The 28th February was a landmark day for Company and Country, as the Parliament that had been returned was overwhelmingly Royalist, and the Grocers were aligning themselves with the movement and the man.The sumptuous banquet which they staged in Monck’s honour that day, and to which his wife, in customary Grocer fashion was invited, was also the occasion of his acceptance of the Honorary Freedom of the Company ‘in particular respect and gratification … for his professions of tenderness and care for the honour and safety of the City’. Monck had marched his regiment from Coldstream on the Scottish borders to London on 1st January 1660, to restore law and order. When King Charles II delivered the Declaration of Breda on 4th April, which was largely based on Monck’s recommendations, offering reconciliation and forgiveness, the route to the Restoration was secured. When the King landed at Dover, General Monck was the first to greet him. On 29th May the new King entered London. The day was made a public holiday from henceforth, and the Grocers’ Company had a special reason to honour it with an annual dinner, (on the day nearest possible) which was later known was the Commemoration or Restoration Feast, combining the older dinner in honour of the Company’s patron saint, St Antonin with a celebration of the Restoration. It may have been through the Company’s association with the trusted General that Charles II accepted the unique position of the Sovereign Mastership of the Company in 1660, when Monck returned to Grocers’ Hall with the King to enjoy an even more lavish banquet in celebration of the event. The close association of General Monck with the Grocers’ Company was reaffirmed in 2008, when the regiment that Monck formed in 1650, at Coldstream in Scotland, part of Cromwell’s New Model Army, became affiliated to the Company. The affiliation was marked by the generous loan of a portrait of General Monck, 1st Duke of Albemarle from Monck’s regiment, known from 1670 as the Coldstream Guards, to the Company. It now hangs in the Court Dining Room. The portrait, attributed to Peter Lely, was given to the Coldstream Guards by Lieutenant Colonel Hon. Lewis Payn Dawnay (1846-1910)

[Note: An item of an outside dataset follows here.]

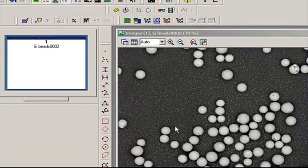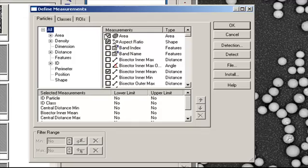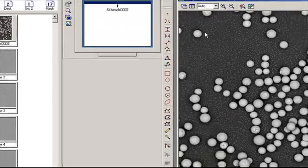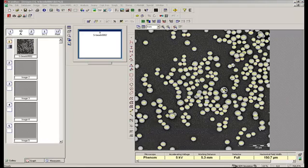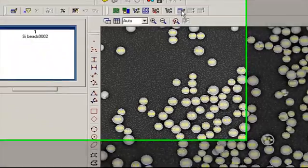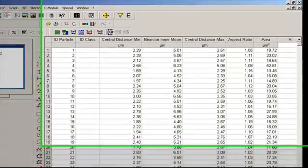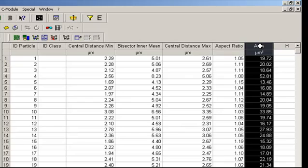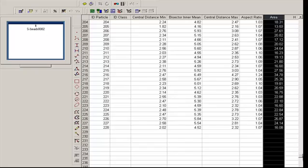The next step is to return to the Analysis toolbar, click on the Define Measurements icon, and that will bring up a list of measurements to include in the detection. For this application, make sure Area is included. Click OK, return to the Analysis toolbar, and click Detect. Now that the software has performed an analysis, go to the Analysis toolbar, click on the Particle Results icon, and a table with all the results will be displayed. In the far right, there is a column for area measurement, and scrolling down we can see a total of 228 particles measured on this image.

Fascinating Fact No 6 - Peppercorns, Cloves or Nails
There is an undated article in the Grocers’ Company Library. It is by Charles Burford Goodhart (1919-2000), a zoologist, Fellow of Gonville & Caius College Cambridge, and a man with a distinguished Grocer pedigree. In the article he applies the rigour of his academic mind to some problems of Grocer heraldry.

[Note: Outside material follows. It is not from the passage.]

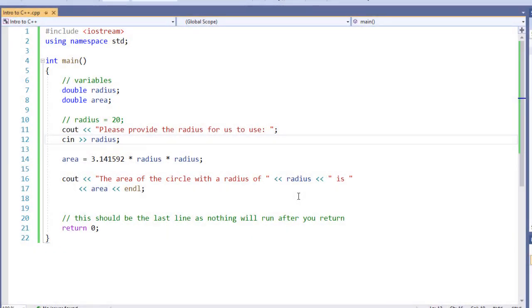In our previous examples, we've written a couple of C++ programs that allows us to take the radius and calculate the area of a circle based upon that radius. In our calculation, we've implicitly specified our pi value, 3.14, as a number inside of our equation.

Goodhart begins with the familiar Grocers’ Company coat of arms, granted in 1532, incorporating a chevron with nine cloves, the first use of the clove, as Goodhart notes, as a charge (emblem) in heraldry. He further muses that it does seem rather strange that cloves were chosen, rather than peppercorns which connect more closely with the origin of the Company.

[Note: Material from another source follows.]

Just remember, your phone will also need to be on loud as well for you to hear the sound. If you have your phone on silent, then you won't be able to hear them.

The camel crest granted thirty years later, was described by William Hervey,
the Clarenceux King of Arms, who granted them as ‘bearing two (‘
deleted) bagys of ppyr [pepper] argent powdered with cloves and corded sable [‘ powdered
and corded sable’ deleted [‘ spangled with Cloves Argent’ deleted]. It is far from clear why the bags
of pepper should ever have been painted with cloves, and the deletions in
Hervey’s description suggest that he too may have been puzzled. In Sir George
Bellew’s up-to-date description of 1949 ‘a camel … with two bales argent semee
of cloves’, all references to pepper were removed, perhaps in an attempt to
tidy things up.
Goodhart then suggests that seventeenth century Grocers may themselves have been a bit confused as to the real significance of the word ‘clove’ which by itself, and so spelt, had only recently come to mean the spice. Previously it had been ‘clou de girofle’ . Clou is the ordinary French word for ‘nail’ so that ‘clou de girofle’ meant ‘nail of girofle’, referring to the nail-like buds. Remember too that the Fraternity’s records were kept in Anglo-French until the 1420s. So, if the original meaning of cloves was nails, what did they have to do with Grocers? Actually, Goodhart notes, rather a lot, in connection with weights and measures which were very much the concern of the mystery at the time of its foundation in 1345. Before the introduction of the avoirdupois system in 1340, a weighing instrument called an ‘auncel’ was used. The weight of the goods suspended from its shorter arm were marked off by a row of nails. The Latin for nail is clavus, and clou in French. The word clove continued to be used as a unit for weight for wool up to the mid-nineteenth century, long after the connection with auncel nails had been forgotten. Goodhart also draws attention to the fact that in the arms used before the 1532 grant, ten not nine cloves sometimes appear, (four at the top) which might relate to the 10 clove auncel. Perhaps, Goodhart suggests, this lies behind the puzzling choice of cloves in preference to peppercorns on the Grocers’ Company arms.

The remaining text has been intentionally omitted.